He was educated at the University of Chicago, University of Bridgeport (BA in mathematics, 1963), Stanford University (MSc in mathematics, 1966), University of Warsaw and the University of Edinburgh (PhD in computer science, 1970).[1]
He was a research fellow at the University of Edinburgh (1970–75) and has been at the Department of Computing, Imperial College London since 1975, attaining a chair in computational logic in 1982 and becoming emeritus professor in 1999.[1]
He began his research in the field of automated theorem proving, developing both SL-resolution[2] with Donald Kuehner and the connection graph proof procedure.[3] He developed SLD resolution and the procedural interpretation of Horn clauses,[4] which underpin the operational semantics of backward reasoning in logic programming. With Maarten van Emden,[5] he also developed the minimal model and the fixpoint semantics of Horn clauses, which underpin the logical semantics of logic programming.
With Marek Sergot, he developed both the event calculus[6] and the application of logic programming to legal reasoning.[7][8] Together, Kowalski and Sergot supervised one of the first use cases of a legal expert system.[9] With Fariba Sadri, he developed an agent model[10][11] in which beliefs are represented by logic programs and goals are represented by integrity constraints.
Kowalski was one of the developers of abductive logic programming, in which logic programs are augmented with integrity constraints and with undefined, abducible predicates.[12][13] This work led to the demonstration with Phan Minh Dung and Francesca Toni that most logics for default reasoning can be regarded as special cases of assumption-based argumentation.[14][15]
In his 1979 book, Logic for Problem Solving,[16] Kowalski argues that logical inference provides a simple and powerful model of problem solving that can be used by both humans and computers.
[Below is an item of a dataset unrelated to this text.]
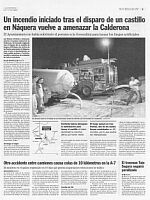 Un incendio iniciado tras el disparo de un castillo en Naquera vuelve a amenazar la Calderona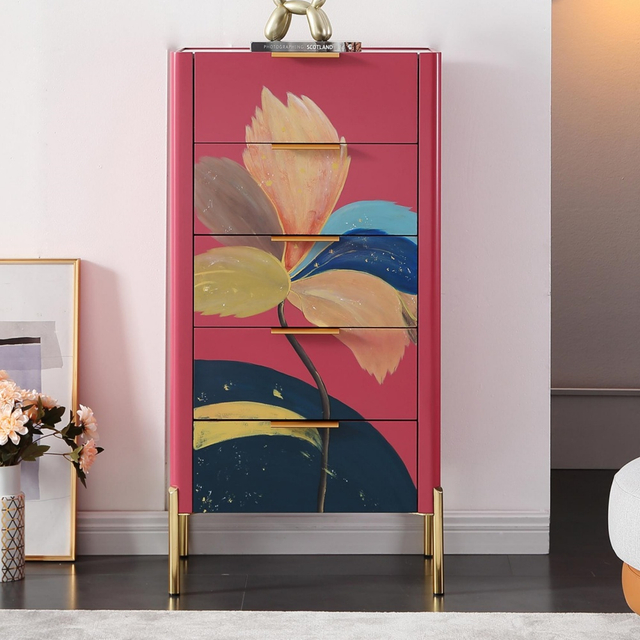 Cómoda de 5 cajones pintada envejecida americana vintage de madera maciza para dormitorio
In his 2011 book, Computational Logic and Human Thinking – How to be Artificially Intelligent,[17] he argues that the use of computational logic can help ordinary people to improve their natural language communication skills, and that in combination with decision theory, it can be used to improve their practical problem-solving abilities.
In joint work with Fariba Sadri, he developed the logic and computer language Logic Production Systems (LPS),[18][19] which integrates much of his previous work on computational logic.
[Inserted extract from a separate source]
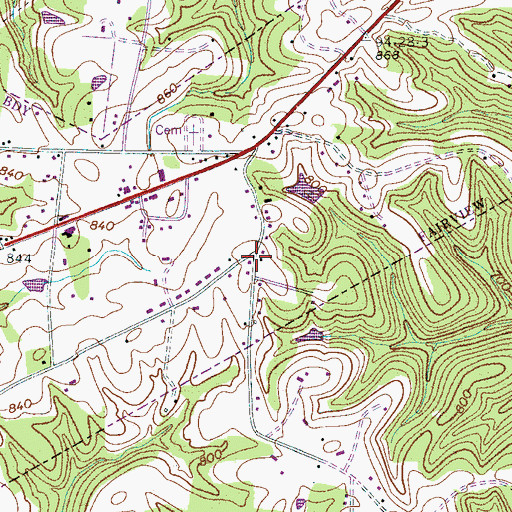 Topographic Map of Lone Oak, TN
More recently, he has been developing Logical English (LE) as syntactic sugar for Prolog and other logic programming languages. Although writing LE requires special training, understanding LE requires only a reading knowledge of English. Kowalski argues that the restricted syntax of LE resembles the syntax of well-written legal rules and regulations,[8] and he has helped to develop several applications of LE for redrafting legal contracts.[20][21] He has also advocated its use for introducing logical thinking and writing in education.[22]
Kowalski has a long history of involvement with the use of logic programming to help teach logic at all educational levels, starting with a course of lessons in 1978 for 12-year-old children at his daughters' middle school.[23][24] These early lessons used a child-friendly syntax for Prolog, which contributed to the later development of Logical English. He is continuing to contribute to the mission of teaching logical thinking through logic programming as co-chair of the Prolog Education Group.[25]
Honours and awards[edit]Kowalski was elected a Fellow of the American Association for Artificial Intelligence in 1991, of the European Co-ordinating Committee for Artificial Intelligence in 1999, and the Association for Computing Machinery in 2001.[1] In 2011, he received the IJCAI Award for Research Excellence, "for his contributions to logic for knowledge representation and problem solving, including his pioneering work on automated theorem proving and logic programming".[26] In 2012, he received the Japan Society for the Promotion of Science Award for Eminent Scientists for 2012–2014.[27] In 2021, he received the Inaugural CodeX Prize for his work with Fariba Sadri and Marek Sergot "in acknowledgment of their work on the application of logic programming to the formalization and analysis of the British Nationality Act. The authors' seminal article, "The British Nationality Act as a Logic Program," published in 1986 in the Communications of the ACM journal, is one of the first and best-known works in computational law, and one of the most widely cited papers in the field."[28]